A career in motorsport is something many young fans aspire to, but not all of them wish to be in the driver’s seat. South Eastern Regional College provide the perfect stepping stone for such school-leavers.
Based within the colleges award-winning Environmental Skills Centre at its Newtownards campus, the level 3 motorsport engineering course equips students with the skills and knowledge to pursue a career in the motorsport engineering industry.
Requiring Maths, English, Technology and one Science, all with a Grade C or above at GCSE level, it is a course that is very accessible. After two years of hard work and keeping the head down, students have the opportunity to leave with the equivalent of three A Levels.
I was afforded the chance to catch up with students and their tutors at the final round of the Northern Ireland Sprint Championship, held at Kirkistown Racing Circuit, County Down.
A day like this not only allows students some time out of the classroom but it gives them the opportunity to see, smell, and hear motorsports first-hand.
Starting off in the scrutineering bay, chief scrutineer on this event, Gillian Magee was on-hand to talk students through each and every aspect of checking the cars safety equipment, and that the car’s mechanicals, tyres, and bodywork all conformed to the motorsport UK rulebook for competition.
Students then made their way to the heated pit garage of Gerard O’Connell, who drives Sebastian Vettel’s former World Series Dallara. Undoubtedly the most advanced vehicle that lives and competes in Northern Ireland, it provided the perfect opportunity for students to learn about the highest level of the sport from Gerard’s engineer, Stephen Colbert.
Stephen’s career has seen him travel the world with motorsport, mostly Formula 3 which is very much a junior feeder series for F1. With that in mind, Stephen gave insight into chassis, suspension, tyres, aero and down force. Colbert also showed the students different data-log graphs from cars racing and testing on various circuits in Europe, which highlighted not only fine-tuning a car to a venue, but fine tuning the driver to the car or vice versa.
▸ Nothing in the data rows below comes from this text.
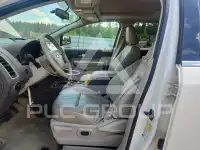 2008 Ford EDGE фото
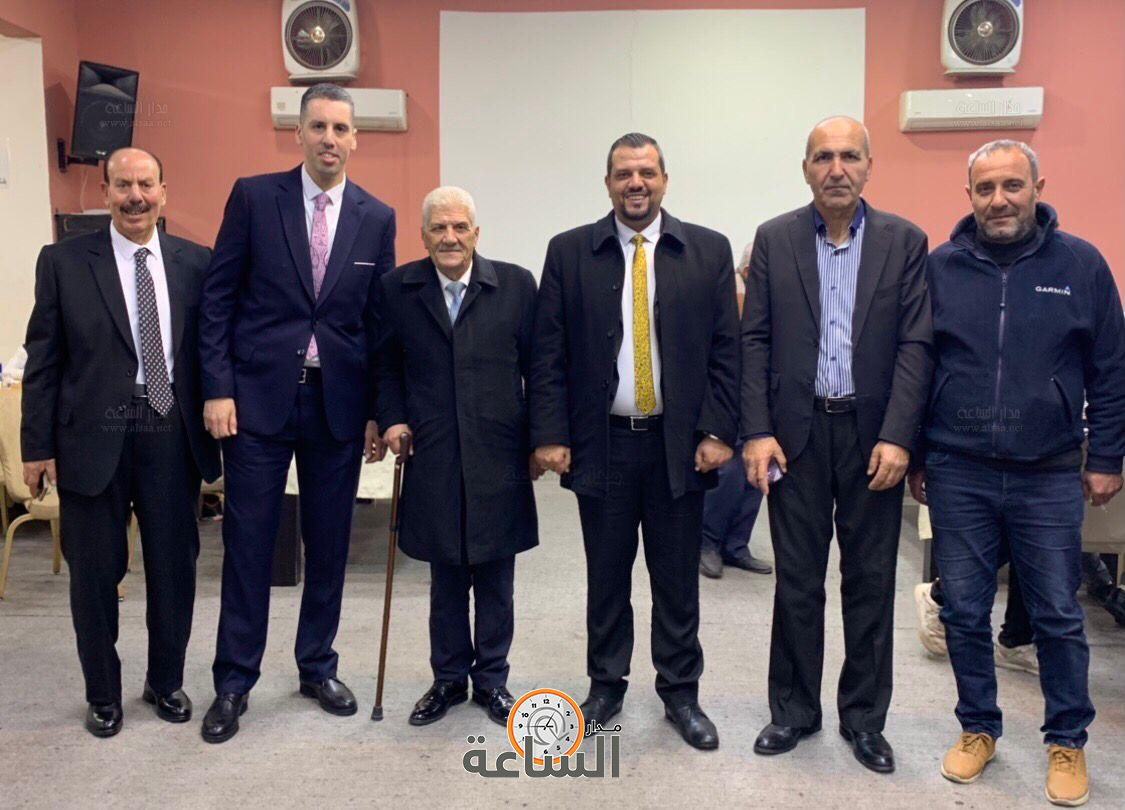 Madar Al-Saa Images 0.35436721775304814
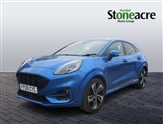 Ford Puma Image 3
From here it was back into the cold, wet and windy paddock at Kirkistown students have the chance to peruse the faster rate of machinery entered into this event, chat to the drivers, and chat to any crew members who could answer questions about car design and setup.
Deputy Clerk Of Course on this event, Fel McIlRoy, along with COC, Wilson Carson then and had the opportunity to speak to students regarding the safe running and marshalling of motorsport. A vast team of volunteers are required for any event, many of them trained in specific areas such as radio, flag, fire, start-line, and rescue.
Mentored through their level three motorsport engineering studies by course coordinator, Stuart Parker who spent a decade working on top flight single seaters for a local racing team, as well as fabrication aficionado, Stephen Wishart who has built from the ground up, some of the country’s most impressive rally cars, these teenagers really are in knowledgeable hands.
“Progression from the course is for students to jump straight into a pit lane role, or to head into a full-fat motorsport degree at university,” Stuart explains.
“Our two-year course covers all the essential basic elements such as race car setup, engines, transmissions, and regulations. We then cover the engineering side of things by learning Computer Aided Design, fabrication and welding, sheet metal fabrication, and most of all Maths. Generally speaking our students come straight out of school, but we have people join our course in their mid 30s as they wanted a career change.”
Stuart continued, “Today at Kirkistown is what we call a scrutineering day where these first year students will learn what racing circuits are all about, without getting their hands dirty. We get the chance to talk with teams and drivers to get their viewpoint on what it is like to race. And because it is club racing, it is a great place to learn as the higher up the motorsport ranks you go, the less people are willing to chat to you.
“We attend three events per year with the students, and pre-covid we had the chance to visit Renault F1. We have also visited M-Sport whose operation has run in the World Rally Championship for decades with the Ford brand, along with a few other motorsport teams based across the water.”